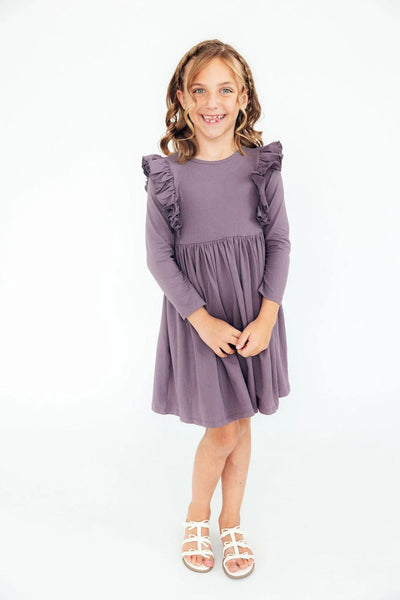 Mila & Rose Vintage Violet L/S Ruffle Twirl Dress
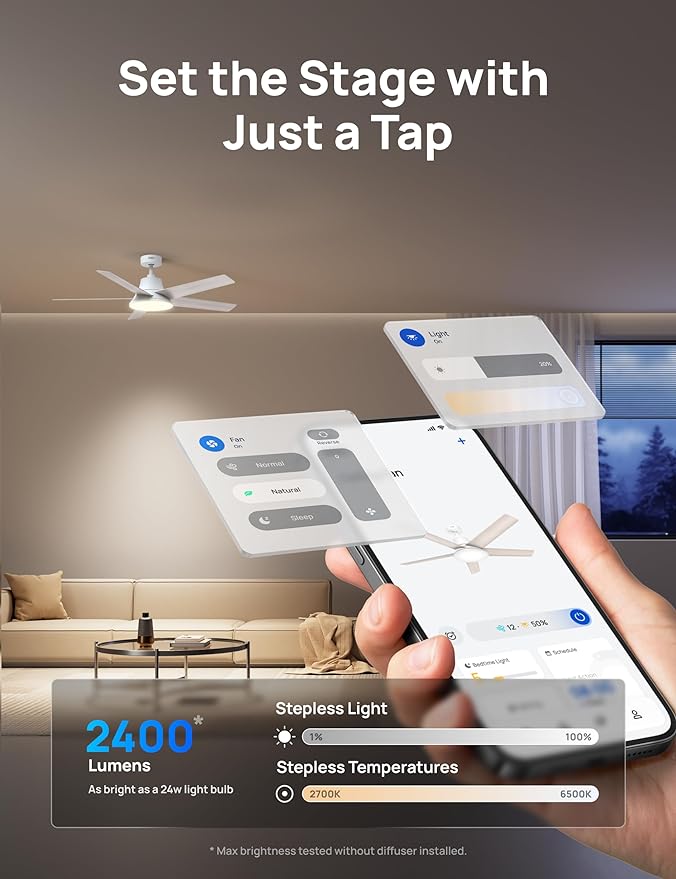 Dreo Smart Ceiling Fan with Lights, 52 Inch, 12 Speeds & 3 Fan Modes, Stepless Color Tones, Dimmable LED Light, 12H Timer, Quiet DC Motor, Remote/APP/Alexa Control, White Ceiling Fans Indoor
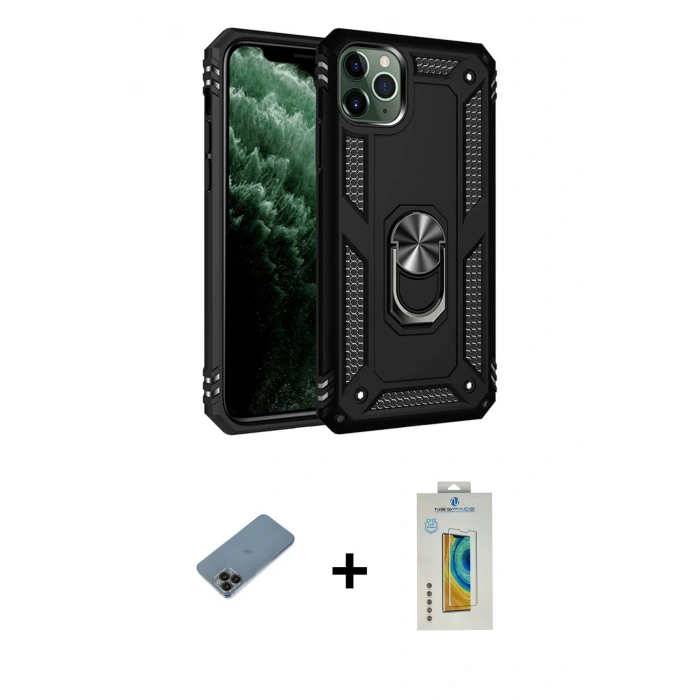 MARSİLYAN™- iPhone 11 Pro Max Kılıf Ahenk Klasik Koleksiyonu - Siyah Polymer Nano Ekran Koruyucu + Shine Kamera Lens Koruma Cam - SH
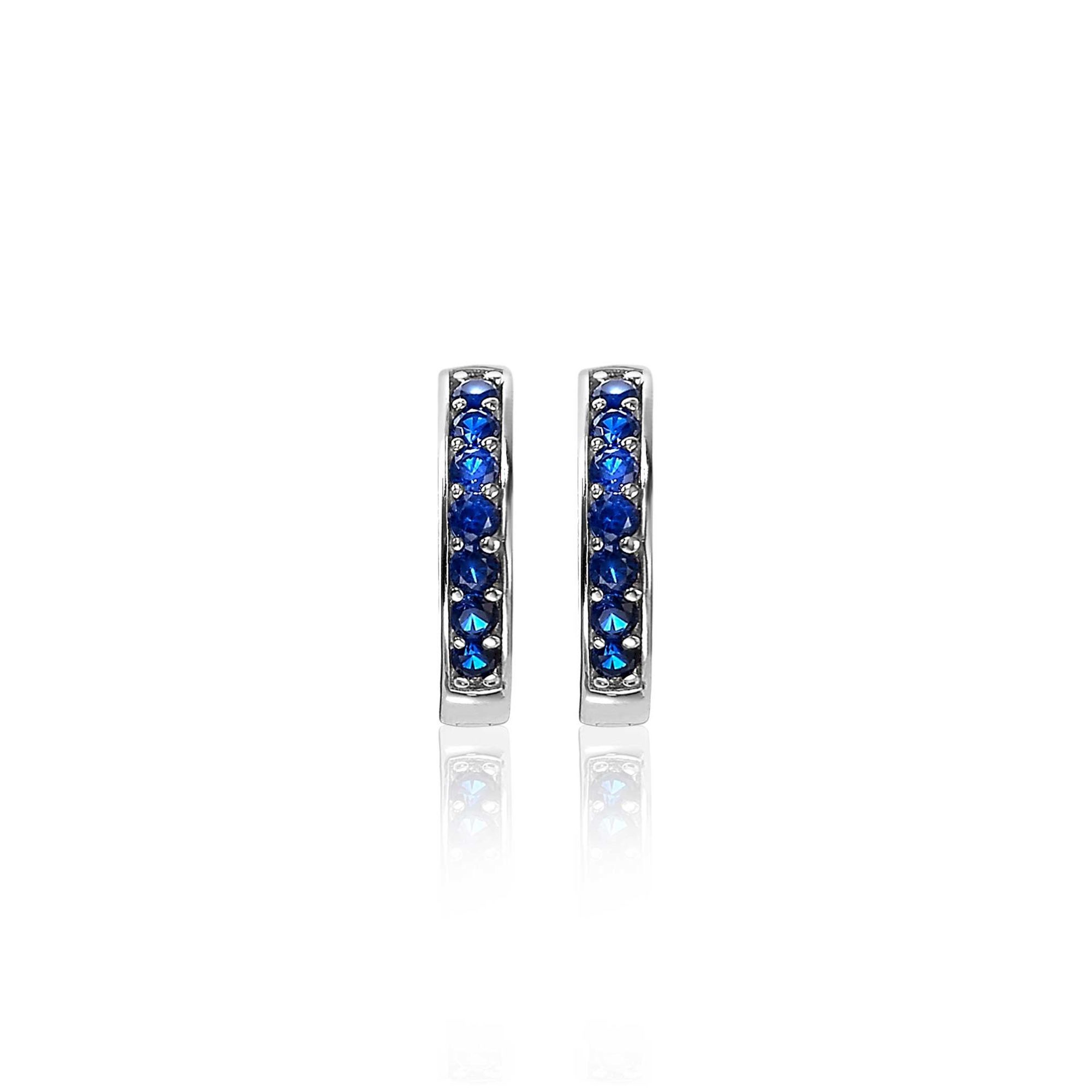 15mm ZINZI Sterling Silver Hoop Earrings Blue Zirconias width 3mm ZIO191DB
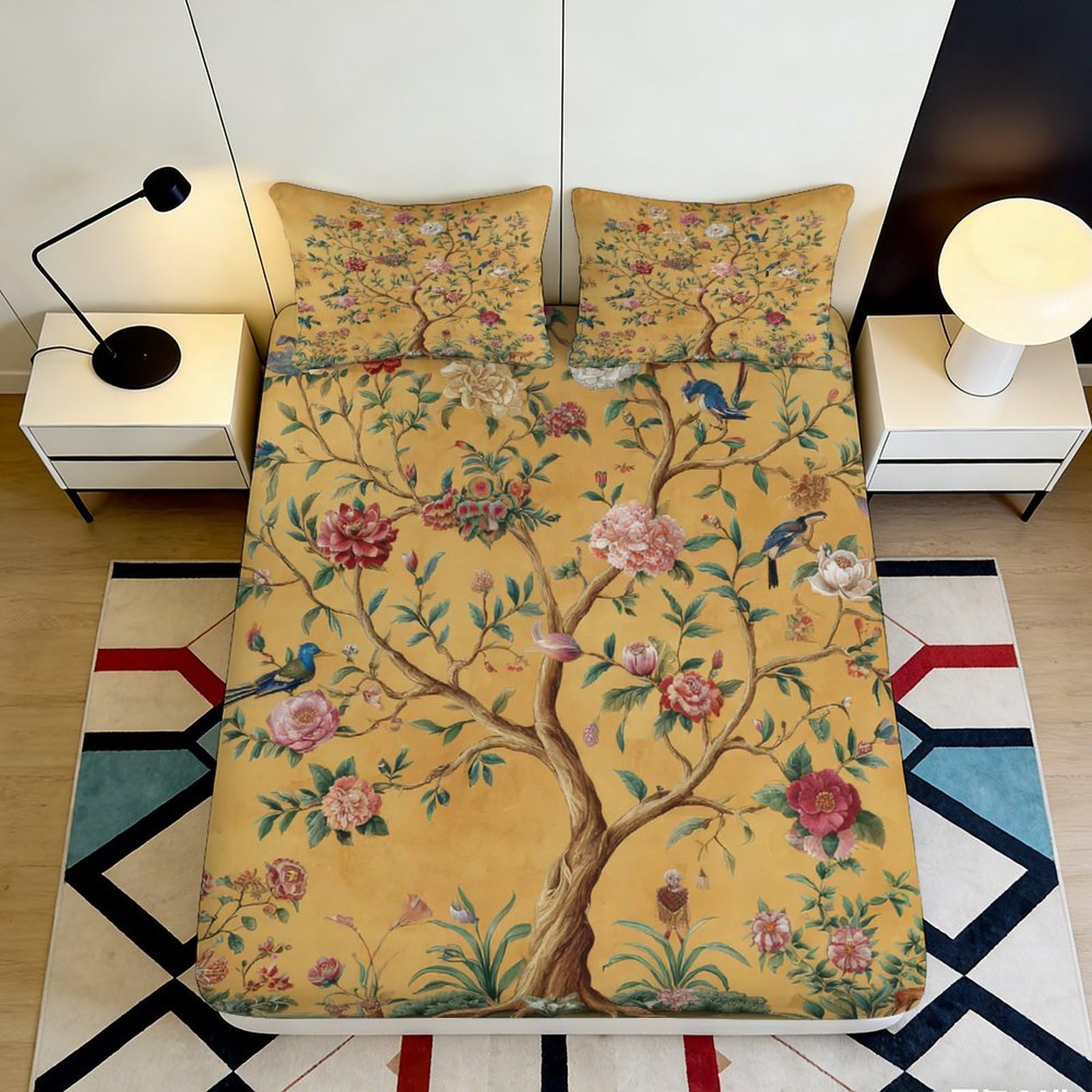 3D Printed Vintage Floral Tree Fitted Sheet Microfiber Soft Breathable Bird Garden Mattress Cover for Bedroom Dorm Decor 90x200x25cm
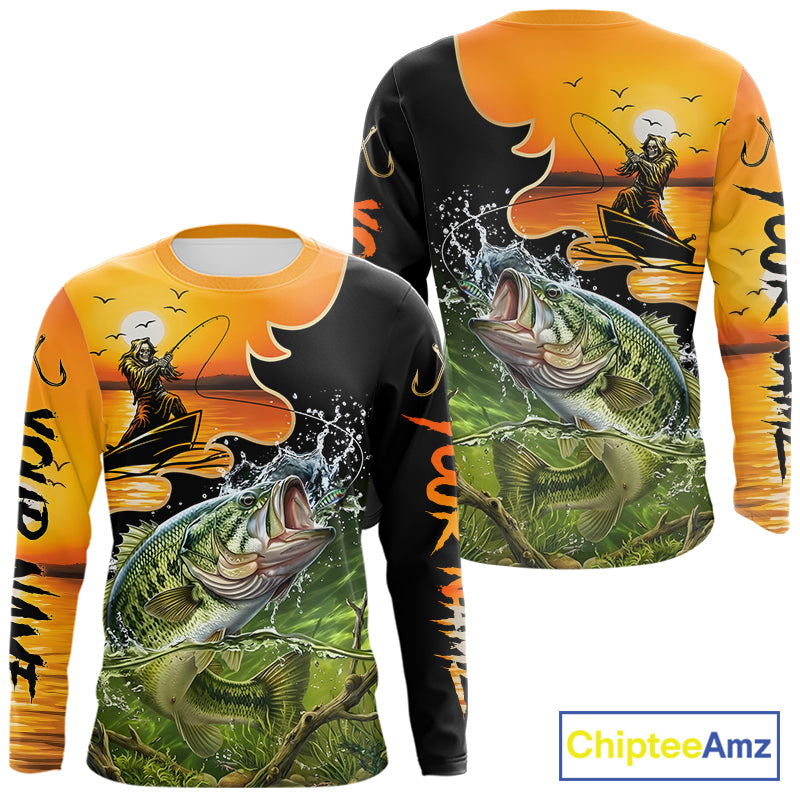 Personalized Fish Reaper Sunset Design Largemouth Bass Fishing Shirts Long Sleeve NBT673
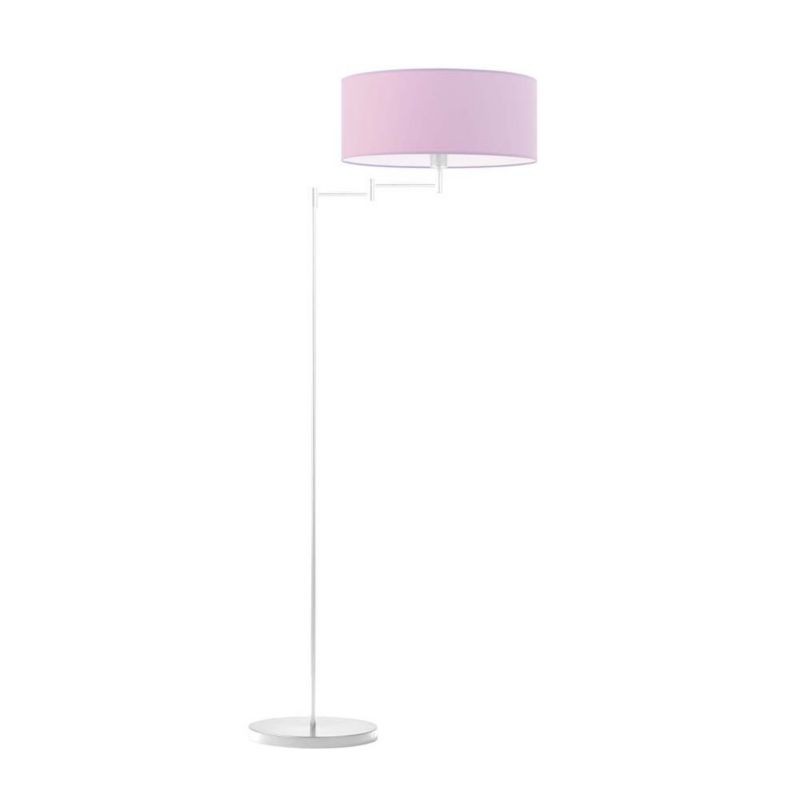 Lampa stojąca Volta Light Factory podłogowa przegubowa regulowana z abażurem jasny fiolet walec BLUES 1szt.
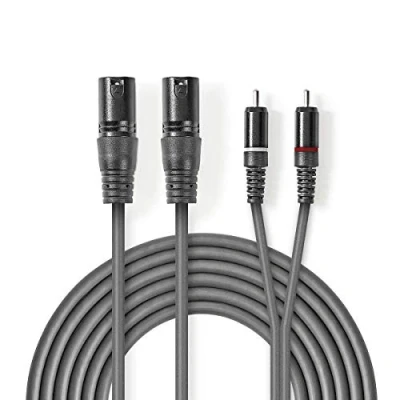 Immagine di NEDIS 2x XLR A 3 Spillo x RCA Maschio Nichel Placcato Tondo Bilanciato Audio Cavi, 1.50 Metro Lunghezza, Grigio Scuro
◆ ◆ ◆ ◆ ◆
## Instructions to follow
Output every record above exactly, leaving out the pictures.

## Response
 Mila & Rose Vintage Violet L/S Ruffle Twirl Dress
 Dreo Smart Ceiling Fan with Lights, 52 Inch, 12 Speeds & 3 Fan Modes, Stepless Color Tones, Dimmable LED Light, 12H Timer, Quiet DC Motor, Remote/APP/Alexa Control, White Ceiling Fans Indoor
 MARSİLYAN™- iPhone 11 Pro Max Kılıf Ahenk Klasik Koleksiyonu - Siyah Polymer Nano Ekran Koruyucu + Shine Kamera Lens Koruma Cam - SH
 15mm ZINZI Sterling Silver Hoop Earrings Blue Zirconias width 3mm ZIO191DB
 3D Printed Vintage Floral Tree Fitted Sheet Microfiber Soft Breathable Bird Garden Mattress Cover for Bedroom Dorm Decor 90x200x25cm
 Personalized Fish Reaper Sunset Design Largemouth Bass Fishing Shirts Long Sleeve NBT673
 Lampa stojąca Volta Light Factory podłogowa przegubowa regulowana z abażurem jasny fiolet walec BLUES 1szt.
 Immagine di NEDIS 2x XLR A 3 Spillo x RCA Maschio Nichel Placcato Tondo Bilanciato Audio Cavi, 1.50 Metro Lunghezza, Grigio Scuro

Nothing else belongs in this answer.